As the granddaughter of Robert I Anne was the first cousin of King Boris III of Bulgaria, Robert Hugo, Duke of Parma, Princess Alicia, Dowager Duchess of Calabria, Carlos Hugo, Duke of Parma, Crown Prince Otto of Austria, and Grand Duke Jean of Luxembourg.

She lived a life as if she were a commoner. Anne’s childhood saw her spend her holidays at the Dowager Duchess of Parma’s Villa Pianore and Prince Valdemar’s home in Denmark. However, when the Germans invaded France during World War II, the family had to flee to the United States where Prince Rene found employment at a domestic gas company.  Her mother, meanwhile, worked a hatmaker. After studying design in New York City from 1940 to 1943, she was hired as a store assistant at Macy's department store.

Queen Anne's parents, Prince Rene of Bourbon-Parma (left) and
Princess Margaret of Denmark (right).

During World War II, she served the Allies. She volunteered in the French Army and worked as an ambulance driver in various countries such as Northern Africa, Italy, Luxembourg and Germany. For her contribution to the war efforts, she was awarded the French Croix de guerre.

Her first meeting with King Michael of Romania was rather disappointing. Anne and King Michael I of Romania met for the first time at the wedding of Princess Elizabeth and Philip Mountbatten.  She was unexpectedly introduced to the Romanian king at Claridge's, where she came to see her parents.

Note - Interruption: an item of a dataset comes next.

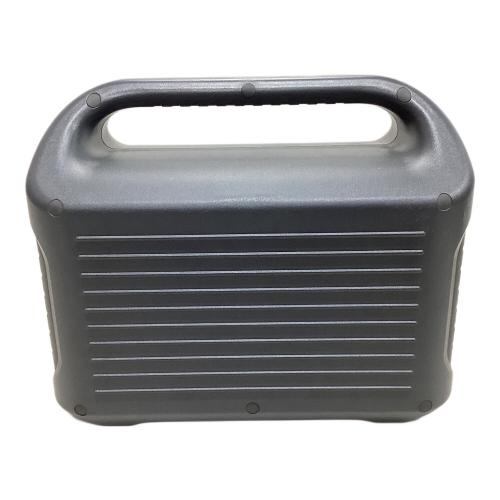 PowerArQ (パワーアーク) ポータブル電源 グレー 008601C-JPN 300W リチウムイオン 60Hz専用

Surprised, she accidentally clicked her heels rather than offer the curtsey. The embarrassed and unassuming princess fled the scene.

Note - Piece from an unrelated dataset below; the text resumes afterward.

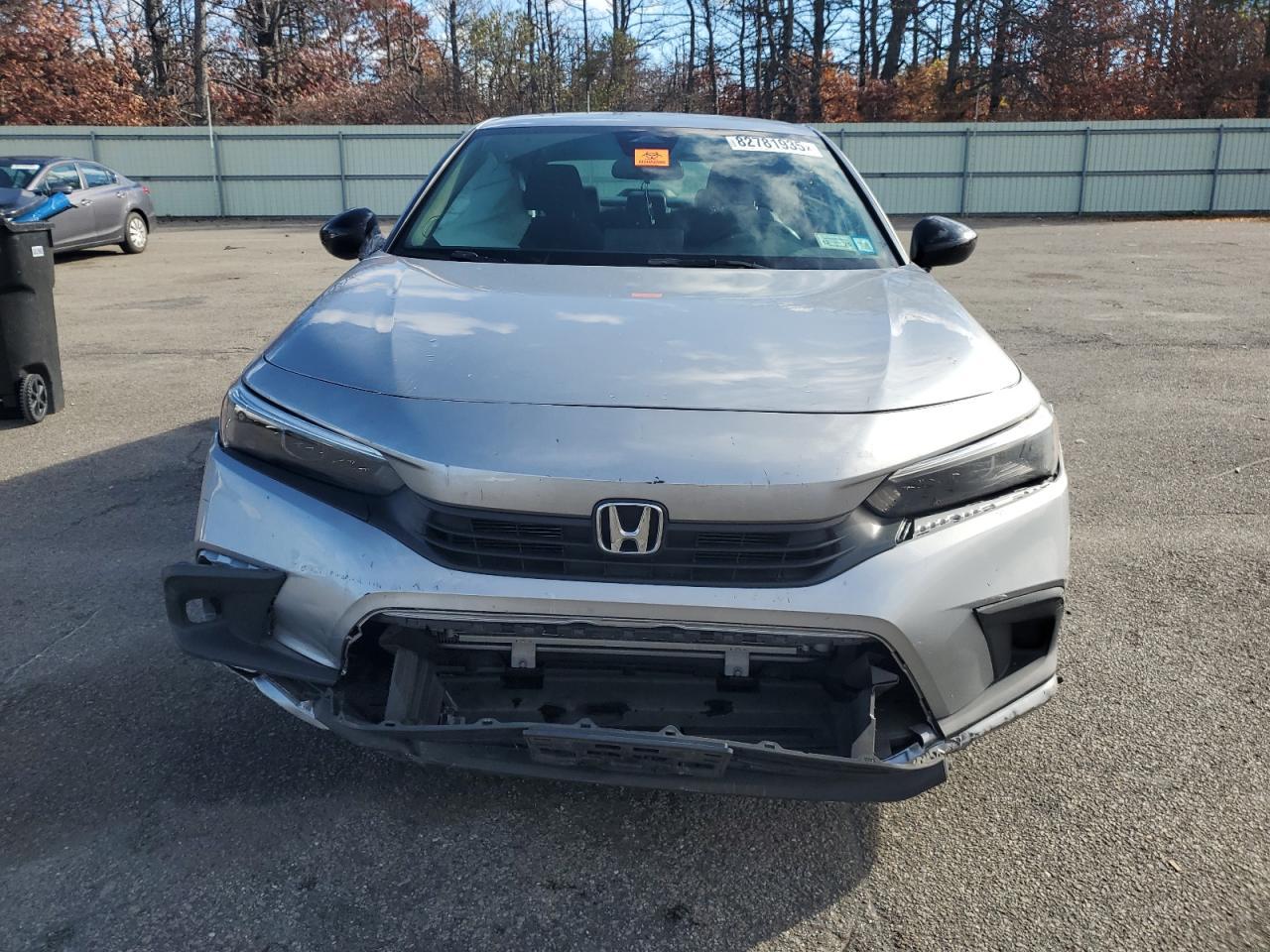 2024 Honda Civic Sport - Фото 5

… But King Michael pursued her. The King saw Anne once more that night at the Luxembourg embassy soirée. After that, they met several times in London, but Anne was accompanied either by her mother or brother. Michael proposed for marriage a few weeks later but they did not announce their engagement until Michael informed the government.

And they got married despite all odds. King Michael I was deposed but the Romanian government made it appear that Michael abdicated so he could marry Anne, who was a Roman Catholic. Anne heard little of Michael until they finally met in Davos on January 23, 1948. Despite issues regarding the couple’s religion, their wedding went ahead and was celebrated at the Royal Palace in Greece on June 10, 1948. Their wedding was attended by royalties from around Europe.

King Michael and Queen Anne on their wedding.
They lived ordinary but very relatively peaceful lives. After their wedding, since Michael could no longer return to Romania, the couple settled in Hertfordshire, where they let a friend’s home. They worked as market gardeners until they became poultry farmers. When their business failed, they moved to Versoix on Lake Geneva in 1956. Here, Michael worked as a test pilot for William Lear of Lear Jets until he opened his own electronics firm. Michael also tried his hand as a stockbroker representing many European and American firms.

… and raised their kids as a suburban family. Anne lived the life of a suburban housewife, raising her five daughters: Margarita, Elena, Irina, Sophie and Marie. They taught them how to speak English and French and she did the household chores. She usually entertained guests in her kitchen.  

Until Michael returned to Romania after the fall of communism. Anne made her first trip ever in 1992. From 1993 to 1997, though, Michael was banned from entering Romania, so it was Anne who made a visit on his behalf. The hostility against Michael eventually subsided and the Royal Family were allowed entrance. Elisabeta Palace in Bucharest were provided for them and they recovered some of their properties, including Săvârşin Castle and Peleş Castle.

In her death, she received the most lavish royal funeral since the time of Queen Marie. Anne’s popularity among the Romanians earned her the respect of the country’s leaders until her death on August 1, 2016. The Romanian government declared August 13 as the national day of mourning and the flag was raised to half-mast. According to BBC, “President Klaus Iohannis of Romania, Moldova's President Nicolae Timofti, many other statesmen and thousands of well-wishers, have paid their respects, as her coffin lay in state at Peles Castle at Sinaia and at the Royal Palace in Bucharest.” She was buried at Curtea de Arges.